What the exercise asks: Every entry has to be restated word for word.

The data:
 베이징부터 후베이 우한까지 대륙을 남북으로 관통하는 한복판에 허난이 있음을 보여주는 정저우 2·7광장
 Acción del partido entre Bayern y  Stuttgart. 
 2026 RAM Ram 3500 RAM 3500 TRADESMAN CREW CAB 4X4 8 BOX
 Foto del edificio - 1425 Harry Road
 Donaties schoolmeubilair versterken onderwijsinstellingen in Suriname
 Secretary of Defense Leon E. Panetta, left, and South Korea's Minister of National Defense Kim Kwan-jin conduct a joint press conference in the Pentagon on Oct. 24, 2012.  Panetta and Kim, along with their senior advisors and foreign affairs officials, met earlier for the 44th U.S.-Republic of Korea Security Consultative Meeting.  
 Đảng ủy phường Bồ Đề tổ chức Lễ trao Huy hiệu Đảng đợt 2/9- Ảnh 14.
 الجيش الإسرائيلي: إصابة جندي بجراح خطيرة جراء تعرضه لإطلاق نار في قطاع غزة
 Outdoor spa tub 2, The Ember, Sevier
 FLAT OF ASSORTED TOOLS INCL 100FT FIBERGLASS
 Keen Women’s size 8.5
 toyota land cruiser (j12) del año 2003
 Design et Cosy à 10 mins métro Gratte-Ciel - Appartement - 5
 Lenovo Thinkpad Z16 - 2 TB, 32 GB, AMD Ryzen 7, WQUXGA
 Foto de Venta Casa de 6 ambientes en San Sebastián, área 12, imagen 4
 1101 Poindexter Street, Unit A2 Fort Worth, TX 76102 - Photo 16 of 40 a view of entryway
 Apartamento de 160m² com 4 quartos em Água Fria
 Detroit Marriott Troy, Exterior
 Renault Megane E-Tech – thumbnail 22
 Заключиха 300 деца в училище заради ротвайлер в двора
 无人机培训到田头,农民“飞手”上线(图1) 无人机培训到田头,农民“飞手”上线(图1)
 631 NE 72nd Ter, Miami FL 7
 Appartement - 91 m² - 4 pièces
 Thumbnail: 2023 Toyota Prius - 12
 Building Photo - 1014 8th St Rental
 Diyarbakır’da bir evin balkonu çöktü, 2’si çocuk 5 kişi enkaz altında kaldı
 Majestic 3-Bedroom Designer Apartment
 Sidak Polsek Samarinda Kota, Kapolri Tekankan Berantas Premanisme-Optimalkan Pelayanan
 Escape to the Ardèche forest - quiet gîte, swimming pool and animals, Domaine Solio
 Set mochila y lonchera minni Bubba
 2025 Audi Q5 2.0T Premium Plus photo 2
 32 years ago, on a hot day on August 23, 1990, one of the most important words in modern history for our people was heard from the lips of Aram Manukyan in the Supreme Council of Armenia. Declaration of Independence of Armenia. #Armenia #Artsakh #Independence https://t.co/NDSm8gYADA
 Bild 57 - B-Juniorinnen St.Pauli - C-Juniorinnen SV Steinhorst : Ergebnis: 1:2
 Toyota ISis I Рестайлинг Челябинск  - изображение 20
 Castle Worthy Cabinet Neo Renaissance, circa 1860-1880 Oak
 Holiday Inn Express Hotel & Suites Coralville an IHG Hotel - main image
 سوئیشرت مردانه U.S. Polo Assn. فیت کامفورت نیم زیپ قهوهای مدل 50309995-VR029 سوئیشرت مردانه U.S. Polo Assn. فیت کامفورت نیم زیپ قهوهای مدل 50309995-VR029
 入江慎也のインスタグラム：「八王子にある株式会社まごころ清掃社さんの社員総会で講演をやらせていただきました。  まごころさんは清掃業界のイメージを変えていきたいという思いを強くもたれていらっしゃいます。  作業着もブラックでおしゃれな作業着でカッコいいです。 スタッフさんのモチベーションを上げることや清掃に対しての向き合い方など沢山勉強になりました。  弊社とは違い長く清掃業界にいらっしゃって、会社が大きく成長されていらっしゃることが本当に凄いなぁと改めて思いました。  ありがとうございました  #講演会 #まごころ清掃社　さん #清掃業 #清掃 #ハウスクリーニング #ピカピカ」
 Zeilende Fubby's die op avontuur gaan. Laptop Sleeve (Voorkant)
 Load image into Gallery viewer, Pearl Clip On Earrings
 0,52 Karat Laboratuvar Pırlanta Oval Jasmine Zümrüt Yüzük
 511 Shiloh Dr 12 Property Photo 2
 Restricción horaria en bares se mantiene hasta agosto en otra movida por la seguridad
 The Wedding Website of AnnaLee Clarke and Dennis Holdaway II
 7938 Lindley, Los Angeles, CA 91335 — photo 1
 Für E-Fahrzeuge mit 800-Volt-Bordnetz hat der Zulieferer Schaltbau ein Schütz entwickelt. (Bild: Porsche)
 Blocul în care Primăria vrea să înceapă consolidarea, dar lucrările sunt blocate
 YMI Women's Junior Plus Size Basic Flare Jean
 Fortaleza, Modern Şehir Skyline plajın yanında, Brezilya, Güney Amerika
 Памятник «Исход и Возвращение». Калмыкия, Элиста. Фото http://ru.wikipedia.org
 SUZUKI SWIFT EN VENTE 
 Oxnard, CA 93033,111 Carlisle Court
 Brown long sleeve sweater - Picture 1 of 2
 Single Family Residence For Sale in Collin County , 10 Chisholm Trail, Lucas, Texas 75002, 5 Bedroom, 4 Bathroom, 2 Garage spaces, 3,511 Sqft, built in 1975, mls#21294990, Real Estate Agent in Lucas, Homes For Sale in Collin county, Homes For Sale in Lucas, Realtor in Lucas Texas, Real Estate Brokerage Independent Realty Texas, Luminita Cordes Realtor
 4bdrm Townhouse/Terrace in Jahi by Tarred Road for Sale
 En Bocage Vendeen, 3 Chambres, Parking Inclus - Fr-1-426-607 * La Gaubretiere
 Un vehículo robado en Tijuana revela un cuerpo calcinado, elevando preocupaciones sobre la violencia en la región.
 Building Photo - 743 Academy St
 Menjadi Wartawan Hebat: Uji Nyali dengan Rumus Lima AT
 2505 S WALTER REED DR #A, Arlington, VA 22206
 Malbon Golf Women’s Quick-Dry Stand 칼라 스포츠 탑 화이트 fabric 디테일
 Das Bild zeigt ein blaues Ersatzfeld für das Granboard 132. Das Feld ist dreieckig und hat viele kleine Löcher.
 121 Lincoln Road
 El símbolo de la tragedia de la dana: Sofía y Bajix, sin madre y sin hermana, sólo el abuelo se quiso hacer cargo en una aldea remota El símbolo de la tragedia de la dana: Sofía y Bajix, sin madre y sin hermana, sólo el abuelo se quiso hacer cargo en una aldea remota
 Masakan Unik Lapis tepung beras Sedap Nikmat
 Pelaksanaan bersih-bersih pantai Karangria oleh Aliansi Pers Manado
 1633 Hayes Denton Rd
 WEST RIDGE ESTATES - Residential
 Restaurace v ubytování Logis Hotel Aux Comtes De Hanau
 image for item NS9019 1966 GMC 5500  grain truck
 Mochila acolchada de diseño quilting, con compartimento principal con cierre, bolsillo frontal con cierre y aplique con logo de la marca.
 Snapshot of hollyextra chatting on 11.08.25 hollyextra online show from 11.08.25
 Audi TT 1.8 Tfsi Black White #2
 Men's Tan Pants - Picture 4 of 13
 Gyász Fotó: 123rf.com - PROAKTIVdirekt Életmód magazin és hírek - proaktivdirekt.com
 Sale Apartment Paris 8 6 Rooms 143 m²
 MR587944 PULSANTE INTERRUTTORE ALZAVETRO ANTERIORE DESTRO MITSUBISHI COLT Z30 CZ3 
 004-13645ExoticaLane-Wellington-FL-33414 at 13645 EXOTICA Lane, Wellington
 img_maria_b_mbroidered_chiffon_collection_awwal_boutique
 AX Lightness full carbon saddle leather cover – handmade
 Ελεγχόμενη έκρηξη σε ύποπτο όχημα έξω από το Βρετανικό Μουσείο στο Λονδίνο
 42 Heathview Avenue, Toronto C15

Solution:
 베이징부터 후베이 우한까지 대륙을 남북으로 관통하는 한복판에 허난이 있음을 보여주는 정저우 2·7광장
 Acción del partido entre Bayern y  Stuttgart. 
 2026 RAM Ram 3500 RAM 3500 TRADESMAN CREW CAB 4X4 8 BOX
 Foto del edificio - 1425 Harry Road
 Donaties schoolmeubilair versterken onderwijsinstellingen in Suriname
 Secretary of Defense Leon E. Panetta, left, and South Korea's Minister of National Defense Kim Kwan-jin conduct a joint press conference in the Pentagon on Oct. 24, 2012.  Panetta and Kim, along with their senior advisors and foreign affairs officials, met earlier for the 44th U.S.-Republic of Korea Security Consultative Meeting.  
 Đảng ủy phường Bồ Đề tổ chức Lễ trao Huy hiệu Đảng đợt 2/9- Ảnh 14.
 الجيش الإسرائيلي: إصابة جندي بجراح خطيرة جراء تعرضه لإطلاق نار في قطاع غزة
 Outdoor spa tub 2, The Ember, Sevier
 FLAT OF ASSORTED TOOLS INCL 100FT FIBERGLASS
 Keen Women’s size 8.5
 toyota land cruiser (j12) del año 2003
 Design et Cosy à 10 mins métro Gratte-Ciel - Appartement - 5
 Lenovo Thinkpad Z16 - 2 TB, 32 GB, AMD Ryzen 7, WQUXGA
 Foto de Venta Casa de 6 ambientes en San Sebastián, área 12, imagen 4
 1101 Poindexter Street, Unit A2 Fort Worth, TX 76102 - Photo 16 of 40 a view of entryway
 Apartamento de 160m² com 4 quartos em Água Fria
 Detroit Marriott Troy, Exterior
 Renault Megane E-Tech – thumbnail 22
 Заключиха 300 деца в училище заради ротвайлер в двора
 无人机培训到田头,农民“飞手”上线(图1) 无人机培训到田头,农民“飞手”上线(图1)
 631 NE 72nd Ter, Miami FL 7
 Appartement - 91 m² - 4 pièces
 Thumbnail: 2023 Toyota Prius - 12
 Building Photo - 1014 8th St Rental
 Diyarbakır’da bir evin balkonu çöktü, 2’si çocuk 5 kişi enkaz altında kaldı
 Majestic 3-Bedroom Designer Apartment
 Sidak Polsek Samarinda Kota, Kapolri Tekankan Berantas Premanisme-Optimalkan Pelayanan
 Escape to the Ardèche forest - quiet gîte, swimming pool and animals, Domaine Solio
 Set mochila y lonchera minni Bubba
 2025 Audi Q5 2.0T Premium Plus photo 2
 32 years ago, on a hot day on August 23, 1990, one of the most important words in modern history for our people was heard from the lips of Aram Manukyan in the Supreme Council of Armenia. Declaration of Independence of Armenia. #Armenia #Artsakh #Independence https://t.co/NDSm8gYADA
 Bild 57 - B-Juniorinnen St.Pauli - C-Juniorinnen SV Steinhorst : Ergebnis: 1:2
 Toyota ISis I Рестайлинг Челябинск  - изображение 20
 Castle Worthy Cabinet Neo Renaissance, circa 1860-1880 Oak
 Holiday Inn Express Hotel & Suites Coralville an IHG Hotel - main image
 سوئیشرت مردانه U.S. Polo Assn. فیت کامفورت نیم زیپ قهوهای مدل 50309995-VR029 سوئیشرت مردانه U.S. Polo Assn. فیت کامفورت نیم زیپ قهوهای مدل 50309995-VR029
 入江慎也のインスタグラム：「八王子にある株式会社まごころ清掃社さんの社員総会で講演をやらせていただきました。  まごころさんは清掃業界のイメージを変えていきたいという思いを強くもたれていらっしゃいます。  作業着もブラックでおしゃれな作業着でカッコいいです。 スタッフさんのモチベーションを上げることや清掃に対しての向き合い方など沢山勉強になりました。  弊社とは違い長く清掃業界にいらっしゃって、会社が大きく成長されていらっしゃることが本当に凄いなぁと改めて思いました。  ありがとうございました  #講演会 #まごころ清掃社　さん #清掃業 #清掃 #ハウスクリーニング #ピカピカ」
 Zeilende Fubby's die op avontuur gaan. Laptop Sleeve (Voorkant)
 Load image into Gallery viewer, Pearl Clip On Earrings
 0,52 Karat Laboratuvar Pırlanta Oval Jasmine Zümrüt Yüzük
 511 Shiloh Dr 12 Property Photo 2
 Restricción horaria en bares se mantiene hasta agosto en otra movida por la seguridad
 The Wedding Website of AnnaLee Clarke and Dennis Holdaway II
 7938 Lindley, Los Angeles, CA 91335 — photo 1
 Für E-Fahrzeuge mit 800-Volt-Bordnetz hat der Zulieferer Schaltbau ein Schütz entwickelt. (Bild: Porsche)
 Blocul în care Primăria vrea să înceapă consolidarea, dar lucrările sunt blocate
 YMI Women's Junior Plus Size Basic Flare Jean
 Fortaleza, Modern Şehir Skyline plajın yanında, Brezilya, Güney Amerika
 Памятник «Исход и Возвращение». Калмыкия, Элиста. Фото http://ru.wikipedia.org
 SUZUKI SWIFT EN VENTE 
 Oxnard, CA 93033,111 Carlisle Court
 Brown long sleeve sweater - Picture 1 of 2
 Single Family Residence For Sale in Collin County , 10 Chisholm Trail, Lucas, Texas 75002, 5 Bedroom, 4 Bathroom, 2 Garage spaces, 3,511 Sqft, built in 1975, mls#21294990, Real Estate Agent in Lucas, Homes For Sale in Collin county, Homes For Sale in Lucas, Realtor in Lucas Texas, Real Estate Brokerage Independent Realty Texas, Luminita Cordes Realtor
 4bdrm Townhouse/Terrace in Jahi by Tarred Road for Sale
 En Bocage Vendeen, 3 Chambres, Parking Inclus - Fr-1-426-607 * La Gaubretiere
 Un vehículo robado en Tijuana revela un cuerpo calcinado, elevando preocupaciones sobre la violencia en la región.
 Building Photo - 743 Academy St
 Menjadi Wartawan Hebat: Uji Nyali dengan Rumus Lima AT
 2505 S WALTER REED DR #A, Arlington, VA 22206
 Malbon Golf Women’s Quick-Dry Stand 칼라 스포츠 탑 화이트 fabric 디테일
 Das Bild zeigt ein blaues Ersatzfeld für das Granboard 132. Das Feld ist dreieckig und hat viele kleine Löcher.
 121 Lincoln Road
 El símbolo de la tragedia de la dana: Sofía y Bajix, sin madre y sin hermana, sólo el abuelo se quiso hacer cargo en una aldea remota El símbolo de la tragedia de la dana: Sofía y Bajix, sin madre y sin hermana, sólo el abuelo se quiso hacer cargo en una aldea remota
 Masakan Unik Lapis tepung beras Sedap Nikmat
 Pelaksanaan bersih-bersih pantai Karangria oleh Aliansi Pers Manado
 1633 Hayes Denton Rd
 WEST RIDGE ESTATES - Residential
 Restaurace v ubytování Logis Hotel Aux Comtes De Hanau
 image for item NS9019 1966 GMC 5500  grain truck
 Mochila acolchada de diseño quilting, con compartimento principal con cierre, bolsillo frontal con cierre y aplique con logo de la marca.
 Snapshot of hollyextra chatting on 11.08.25 hollyextra online show from 11.08.25
 Audi TT 1.8 Tfsi Black White #2
 Men's Tan Pants - Picture 4 of 13
 Gyász Fotó: 123rf.com - PROAKTIVdirekt Életmód magazin és hírek - proaktivdirekt.com
 Sale Apartment Paris 8 6 Rooms 143 m²
 MR587944 PULSANTE INTERRUTTORE ALZAVETRO ANTERIORE DESTRO MITSUBISHI COLT Z30 CZ3 
 004-13645ExoticaLane-Wellington-FL-33414 at 13645 EXOTICA Lane, Wellington
 img_maria_b_mbroidered_chiffon_collection_awwal_boutique
 AX Lightness full carbon saddle leather cover – handmade
 Ελεγχόμενη έκρηξη σε ύποπτο όχημα έξω από το Βρετανικό Μουσείο στο Λονδίνο
 42 Heathview Avenue, Toronto C15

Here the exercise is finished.